Berrak Yurdakul'u tanıyana kadar kişisel gelişim kitaplarına, mindfullness egzersizlerine bir tık uzak hissediyordum. Yapay bir durum, birinin bana akıl vermesini, ve bunu sayfalarca anlatmasını sevmezdim. Ancak yazar ile tanıştıktan sonra akıl vermek bir yana aklın nasıl kullanılması gerektiğini, acemice zihnimizi nasıl yormamamız gerektiğini anlatması ve bunu gerek okuyucuyu gerek ise birebir konuşmaları ile direkt aşılaması oldukça değerli bulduğum bir durum. Bu kitabını da oldukça beğendiğimi söyleyebilirim.
“ Zihninizin kendinize ait olduğunu zannediyorsanız çok yanılıyorsunuz. Ben sizin zihninizin içine dilediğim gibi girip çıkabilirim. Bütün bu insanların ortak malıdır o zihin. Kullanılmış ve eski püsküdür, ikinci eldir, çağlar boyu nesilden nesile aktarılan boş ve anlamsız düşünce kalıplarıyla doludur.

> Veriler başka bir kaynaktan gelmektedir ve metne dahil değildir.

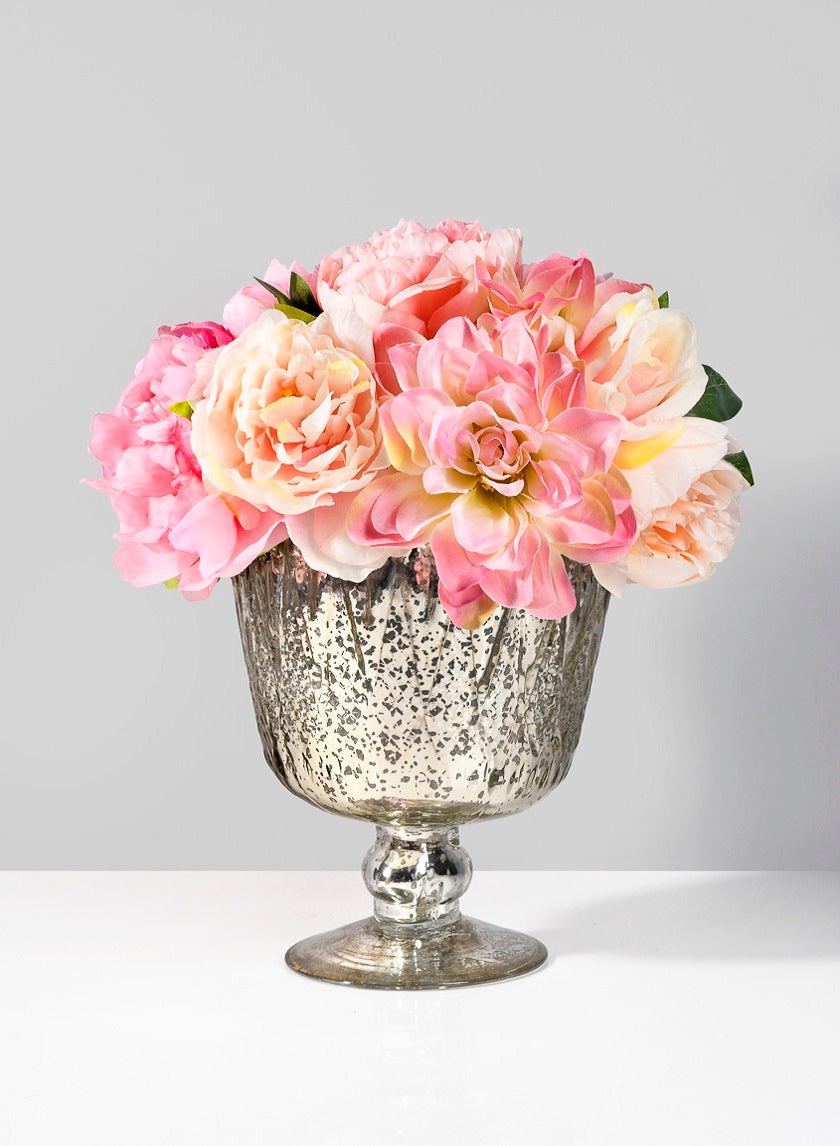 Patterned Silver Mercury Glass Coupes Decor Jamaligarden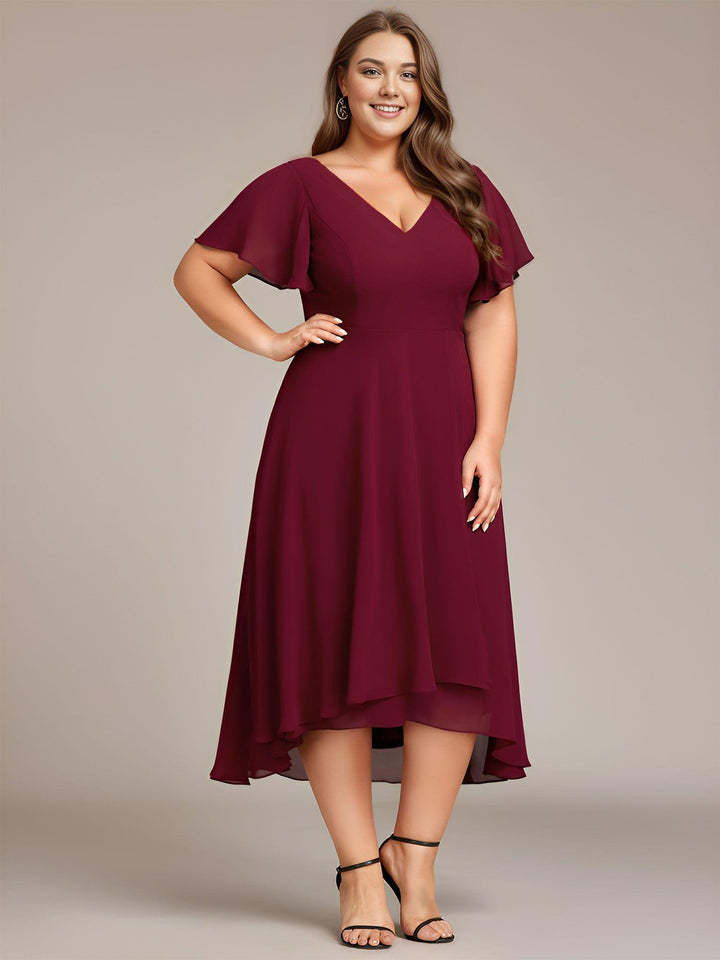 ever AALIA|Flowing Chiffon V-Neck Ruffle Sleeves Wedding Guest Dress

Düşüncelerinizin hiçbiri özel değildir.”
“ İç dünyasında önyargısız gözlem yaparak dolaşan her insan kendisini dehşete düşürecek pek çok şey görür. Dehşete düşmek son derece verimli bir başlangıçtır. İnsan kendisine bakıp dehşete düşmediği sürece kendisi hakkında en ufak bir bilgi sahibi olamaz. Yalnızca kendini bir şey sanmaktan kurtulan kişinin uyanabilme ihtimali vardır. “
Zekice kurgulanmış, fantastik dünya ve gerçeklik arasında gidip gelen bir roman. Karakterler ilgi çekici ve merak uyandırıcı. Severek ve ilgiyle okudum.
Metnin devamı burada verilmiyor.